Después de un tiempo de
convivencia desventurada si aferrada entre inquisiciones informativas, en sus
tomas resulta asombrosamente claro el tono que susurran sus filiaciones. Performativamente, en el escrutinio
sensible del entorno y las preocupaciones más íntimas en reverberación del
cuerpo interno, Dorfsman descubre cómo inscribir su mirada de cuerpo vulnerado
en el contexto; no ya a la inversa. Deja atrás los intentos fotográficos de captura
y superioridad del que encuadra como puesta en marcha de una tecnología
reproductiva. No ciñen sus colindancias formales la imposición seriada de un
tema o un tenor, ni siquiera un estado anímico. No puede afirmarse que su
universo visual se comporte entre réplicas hechas de pequeñas variantes
advertidas de paciencia, costumbre y oportunidad. No hay aprendizaje por
repetición, no hay encuentro sin desgarro. No sería así como las montañas se
convirtieran en puentes.
La escritura de su
pensamiento-imagen sucede en la decidida insistencia con que el joven fotógrafo
ha venido configurándose un singular y único contexto. De sobra sabe que no es
suficiente registrar por forma o concurrencia la vista dada de un paisaje —sea microscópico
o inabarcable. A cambio, se da a imprimir dentro de sí la consistencia anímica,
epistémica y climatológica de un mismo y continuado contorno de evidencias
invisibles. Dorfsman ha aprendido a absorber esa duración que comporta lo
visible incomprobable y que, a veces, parece haberse rezagado en el hueco devaluado
de alguna humedad, o dentro del canto añejo de un borde oscurecido de hartazgo.

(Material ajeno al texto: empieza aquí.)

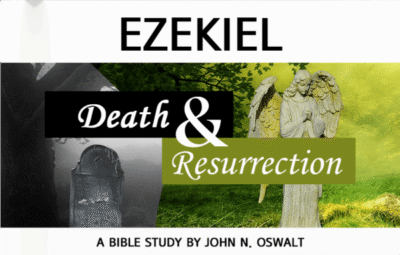 Ezekiel: Death and Resurrection
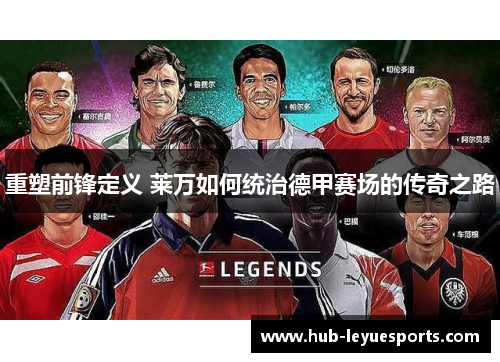 重塑前锋定义 莱万如何统治德甲赛场的传奇之路 重塑前锋定义 莱万如何统治德甲赛场的传奇之路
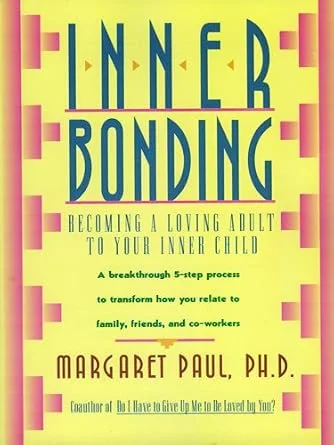 خرید و دانلود نسخه کامل کتاب زبان اصلی Inner Bonding: Becoming a Loving Adult to Your Inner Child PDF | دانلود کتاب خارجی_6aa8682a35961.jpeg خرید و دانلود نسخه کامل کتاب زبان اصلی Inner Bonding: Becoming a Loving Adult to Your Inner Child PDF | دانلود کتاب خارجی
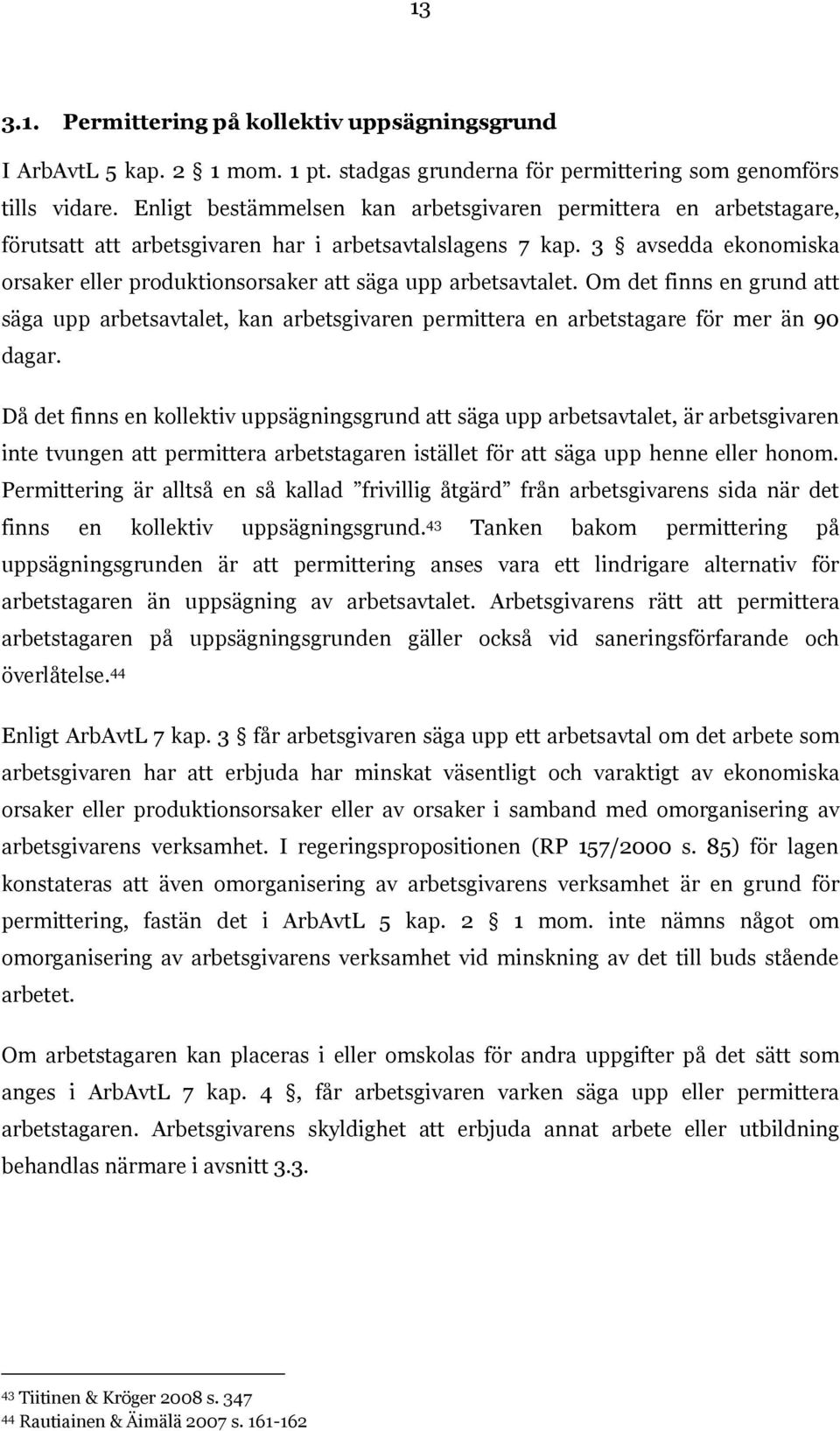 3 avsedda ekonomiska orsaker eller produktionsorsaker att säga upp arbetsavtalet. Om det finns en grund att säga upp arbetsavtalet, kan arbetsgivaren permittera en arbetstagare för mer än 90 dagar.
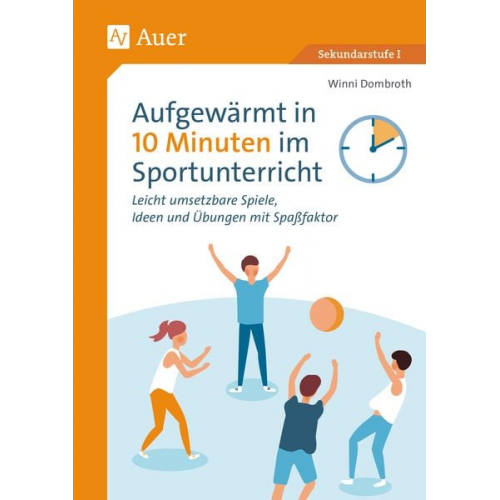 Winni Dombroth - Aufgewärmt in 10 Minuten im Sportunterricht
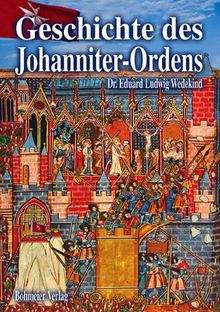 Geschichte des Johanniter-Ordens: Die Ritter und die Ordensgeschichte unter besonderer Berücksichtigung des Heermeistertums Sonnenburg oder der Ballei Brandenburg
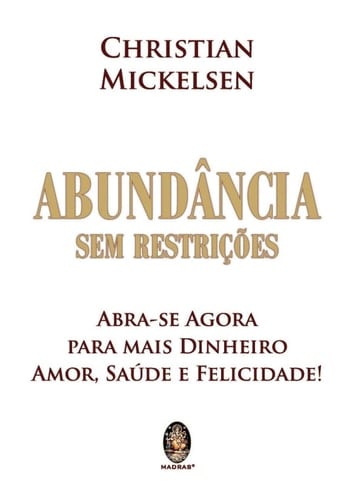 Abundancia sem Restricoes. Abra-Se Agora Para Mais Dinheiro Amor Saude e Felicidade (Em Portugues do Brasil)
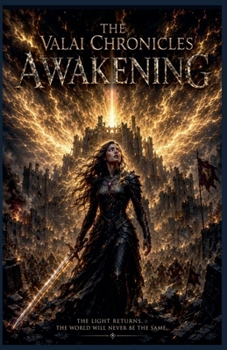 Paperback The Valai Chronicles: Awakening Book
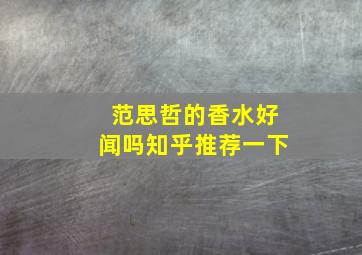 范思哲的香水好闻吗知乎推荐一下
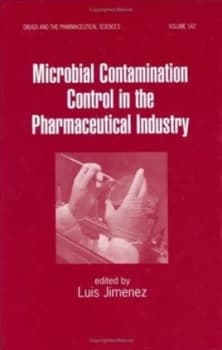Microbial Contamination Control in the Pharmaceutical Industry by Luis Jimenez Hardback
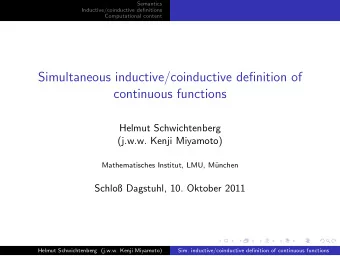 Simultaneous inductive/coinductive definition of  continuous functions  Helmut Schwichtenberg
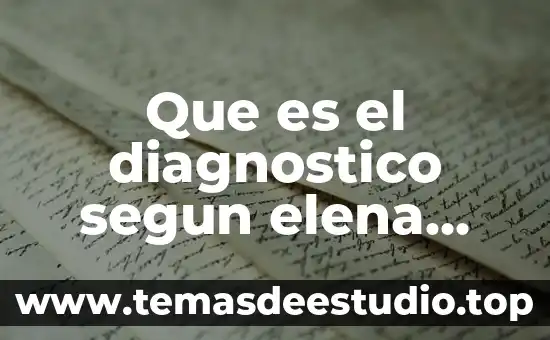 Que es el fundamento del conocimiento 4 Que es el diagnostico segun elena luchetti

Es cuando la mirada prefiere recorrer las concentraciones pasadas del presente,
que se advierten sus dislocaciones y nuestra posibilidad de engarzarlas en el
construir de un contexto reconocido, impreso dentro.
De otra forma, cualquiera lo sabe,
resultaría imposible hacerse con una montaña, un puente. No habría en ello
sustancia alguna que soportara el ejercer de la traducción; de imponerse una
figura sobre otra, fracasaría su existencia narrativa como apuesta literaria
tanto como su viabilidad en potencia reflexiva para enfrentarle en condición
filosófica. De otra forma sino dentro, sería imposible soportar el colapso. De
otra forma sino dándose a habitar por los latidos cimbrados de sus encuentros,
sería imposible reconocer entre impresiones la poética verdad del universo.